The music video was directed by Jeremy Cole and features a guy in his early twenties with a short bowl cut, acne, wearing a tracksuit, and bleeding from his forehead. The man looks pissed. The camera cuts quickly to show the anguish and ambiguity of this crazed guy jogging down the street. It also cuts between different time frames, to the point where you wonder if they are the same character. The guy takes off his jacket, wearing a white undershirt with blood in the shape of a bullet wound in his back. The uncertainty and angst that drives the video is straight from the obscurity of the song itself.
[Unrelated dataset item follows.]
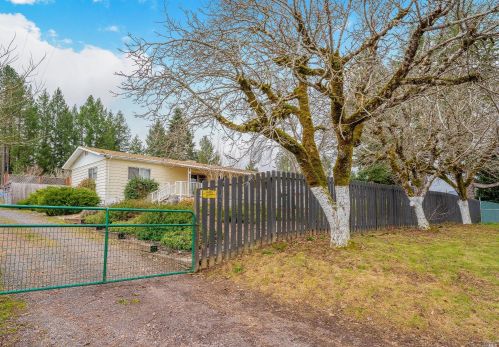 1481 Hill Rd, Willits CA  95490-9723 exterior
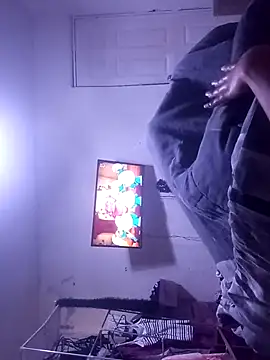 Snapshot of SINUECASTILLO chatting on 02/10/25, 04:36 SINUECASTILLO online show from 02/10/25, 04:36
The repetitive lyrics of “It ain’t right,” and “Shame on you” show vividly where their state of mind is. They’re angry and don’t hold back their punches.
As the track’s electronics start sputtering out of control, the video fades to all-white. After a few seconds, we see the lead lying on the floor, more blood spilling down from his forehead. He gets up in a parking lot, by the side of a body of water, and starts dancing. He’s fully invested in the song and just goes for it.
Overall, “Shame” is a wonderful story of aggression mixed in with some muffled vocals, delicate harmonies, sharp electronics and machinery sounds, and an ending choir. It’s a vivid, extraordinary track with a well-shot and great character piece that only slightly gives us a little bit more context to the otherwise un-categorical Young Fathers.